In short, dubious quality improvements are grossly overestimated, effectively erasing many price increases. A great example of this is regulation.
When the government regulated clothes washers and drastically reduced the amount of water they could use, manufacturers had to make radical changes to the machines’ designs, and by almost all counts, the products became worse.
Yes, they used less water. But they also created much more friction during washing and wore out clothes faster. Clothes also tangled more, reducing how well they got cleaned. Standard detergents didn’t work properly with so little water, so new ones had to be used, but these were good food sources for molds and mildews. Consequently, clothes begin smelling if left in the washer for just an hour or two.
The washing machines themselves build up a residue from modern detergents which harbors bacteria, requiring the cleaning machine to itself need cleaning. This is why clothes washers today have their own cleaning cycle which requires a special detergent. To top it off, consumers report frequently needing to wash clothes multiple times in order to really get clothes clean. That reduces the water savings of today’s more “efficient” models, but it also can result in a net negative savings on electricity.
You find the exact same complaint on dishwashers. Many people have to prewash everything by hand because a lot of modern dishwashers just don’t work well. It’s not really the manufacturer’s fault — it’s illegal for them to build a model that uses enough water to clean your dishes.
So, here’s the crazy thing: the same regulations that make modern appliances useless and more expensive, are also cited as an improvement in quality for hedonic adjustments.

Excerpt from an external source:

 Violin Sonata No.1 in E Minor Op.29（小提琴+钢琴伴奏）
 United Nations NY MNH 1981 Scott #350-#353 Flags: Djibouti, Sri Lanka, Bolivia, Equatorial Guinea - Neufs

Yeah, you read that right — if regulation makes something more expensive, then government-paid statisticians assume the quality improved.
It’s difficult to overstate how insane this is. Government mandates simultaneously made your appliances worse and more expensive, but the hedonic adjustments zeroed that out.

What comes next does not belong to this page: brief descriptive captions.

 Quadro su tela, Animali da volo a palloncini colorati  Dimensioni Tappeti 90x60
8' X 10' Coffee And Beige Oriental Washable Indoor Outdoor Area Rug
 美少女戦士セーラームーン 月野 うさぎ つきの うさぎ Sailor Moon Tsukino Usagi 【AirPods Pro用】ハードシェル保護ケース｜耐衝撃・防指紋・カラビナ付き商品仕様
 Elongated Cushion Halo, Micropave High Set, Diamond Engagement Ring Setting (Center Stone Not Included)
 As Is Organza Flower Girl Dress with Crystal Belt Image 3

That’s true for literally any additional costs imposed by regulation. If the government forces a manufacturer or service provider to do something, the government-paid statisticians grab their erasers and wipe that cost increase off the books.
An economist who teaches at the University of Chicago recently estimated that excessive regulation under the current administration in Washington was adding $5,000 per household, per year, in additional costs — all of which is excluded from the CPI.
We’re not trying to get political here; this is just an illustration of how “official” inflation metrics are total garbage. The median household is currently losing about 7% of its annual income to additional regulatory costs, and they’re trying to tell us inflation is only 3%.
We’re calling bull$#*! on that.
Great explanation. I find it funny that we're adjusting for increased "quality" when, experientially, it seems like the quality of many, many items is only going down (example: it's hard to find real wood furniture these days, even at "high end" stores). The washing machine was a great example. Do you think regulation is the main reason for all of these quality decreases we're seeing, or what other factors do you think are at play? (I definitely agree regulation is a huge one, just curious as to what other factors might be involved.)
I don't know why we let "official" stats cloud our eyes from seeing what's really going on right in front of us.